After the collapse of Channel 50, Stan briefly took a different direction in his life, as he planted a vineyard in Sebastopol and taught journalism classes in a summer graduate program at Stanford University.
Stan’s time teaching at Stanford and his thoughts about the sudden closure of KFTY caused him to reevaluate his life, and he returned to television, first as a reporter with KGO-TV in San Francisco.
That experience led to his rehiring at KTVU Channel 2 in 1973.
Three years later, Stan left his work as an anchor at KTVU, as he was presented with an opportunity to return to KCRA Channel 3.
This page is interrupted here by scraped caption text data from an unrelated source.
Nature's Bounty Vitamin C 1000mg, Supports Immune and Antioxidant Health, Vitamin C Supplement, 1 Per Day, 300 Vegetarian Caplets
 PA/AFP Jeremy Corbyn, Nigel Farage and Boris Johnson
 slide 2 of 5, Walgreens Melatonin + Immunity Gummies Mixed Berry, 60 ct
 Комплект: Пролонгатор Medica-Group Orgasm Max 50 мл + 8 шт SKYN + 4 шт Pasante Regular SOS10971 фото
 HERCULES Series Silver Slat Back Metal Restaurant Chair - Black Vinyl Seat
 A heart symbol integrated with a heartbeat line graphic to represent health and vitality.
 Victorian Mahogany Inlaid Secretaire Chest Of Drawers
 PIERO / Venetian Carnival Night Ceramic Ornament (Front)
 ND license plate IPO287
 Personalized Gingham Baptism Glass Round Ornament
In recalling that moment, Stan said, “I knew that (KCRA) is where I always wanted to be. I loved the time that I’d been here in the early days. I always had a feeling I’d come back, always did, even from when I left before. I was so glad to be back, and of course the station was the best in the market. Everything was first class and professional and (the station had a) great gang of people to work with and work for. And the best part was I got a chance to not just anchor, but to go about and do some serious reporting a couple times every year on a major assignment somewhere in the world. I think there was something like 18 or 20 assignments in 30 different countries.”
After spending 18 years in his second stint with KCRA, Stan was hired to work as an anchor at KOVR Channel 13.
In explaining why he left Channel 3 to work for Channel 13, Stan said, “It was a bit of a contract dispute and (KOVR) found out about it. They had just changed ownership (at KOVR) and so they came after me and wanted me to come to work for them. The timing was perfect and I said, ‘Sure.’ It was a great time for me (at KCRA) and it was wonderful. I never had a regret about it, but I figured maybe after all that time, it was good to make a change. And it was good.”
Stan ended his lengthy career with a special edition of the 10 p.m. news on July 30, 1999. Following the broadcast, KOVR aired a special, hour-long program, entitled “Stan Atkinson: A Career to Remember.”
After being asked to summarize his career, Stan, who is enjoying his retirement years with his wife, Kristen, said, “I had 46 years of working in radio and television. I loved it on the last day as much as I did the first day. There isn’t much I would ever change. Overall, I was one lucky duck.”